Tuesday, August 26, 2008

Framing and Pushback

DP has a very good roundup of the speeches from last night below. I think he said it better than I could, so check that out for a recap of the night’s speeches. I’ll just throw in a couple of thoughts of my own.

Like DP, one of the things that has frustrated me about this election cycle is the fact that the Obama campaign even has to take the time to prove that Obama is a normal American and not a scary, creepy unknown. I think this is something the media really should have put down before it got around so much. When McCain and McCain surrogates say that Obama has put his own ambition before his country, the press corps needs to call them out on it. It is simply absurd to think that anyone would go through the exhausting, expensive process of running for president while they harbor a secret hatred for the United States and the things the US stands for. McCain, Fox News, talk radio and the rest of them can go on and on about it – it’s what they do, and it isn’t anything we shouldn’t expect. But the other cable networks, the three big networks and especially newspapers should feel a responsibility to not allow themselves to be a transmission vector for this garbage. It’s not true and everyone who’s paying attention knows it’s not true. Unfortunately, the Republicans are adept at gaming the message. Twisting the framing of a narrative is really the only thing they’ve got left.
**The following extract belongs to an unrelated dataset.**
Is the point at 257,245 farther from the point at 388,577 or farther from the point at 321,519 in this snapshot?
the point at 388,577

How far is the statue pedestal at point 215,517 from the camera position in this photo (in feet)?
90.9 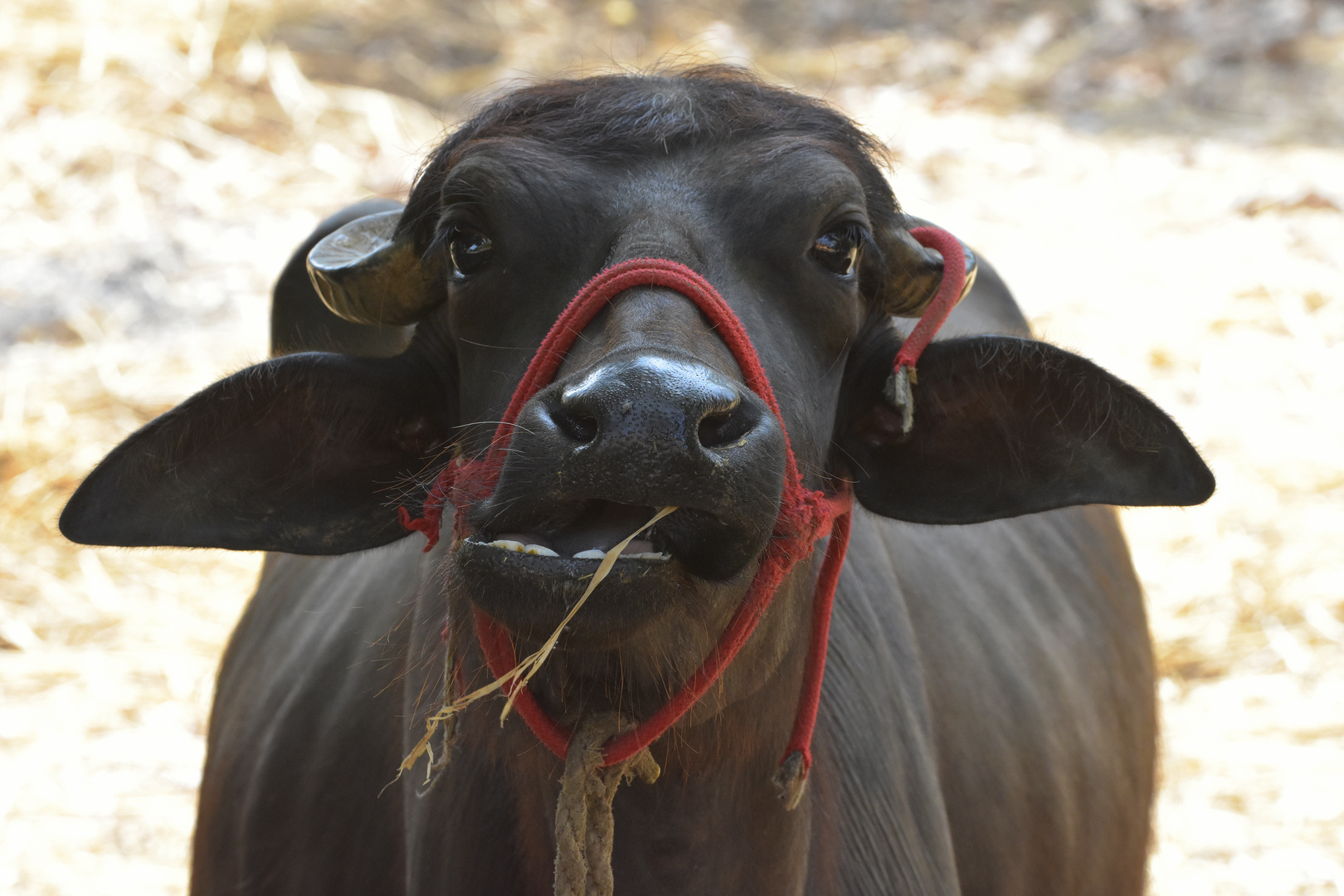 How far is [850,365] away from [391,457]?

Michelle Obama’s speech last night was a definite attempt to push back, and a successful one, I think.

While I understand what the Democrats were setting out to do last night, I can also understand why so many have felt underwhelmed by the tone tonight. There wasn’t a whole lot of attacking. One thing I think is tough for the Democrats is going on the attack. Voters and especially the media, are used to Republicans on the attack: conservatives are nothing without their false sense of victimhood and a strange other to attack. Matt Yglesias says there certainly could have been both the Obama boosterism with a couple of shots at McCain thrown in for good measure. I agree, I would like to have seen some more shots at McCain directly. Hopefully, the next couple of nights will see some more of that, after the warm fuzzies of last night.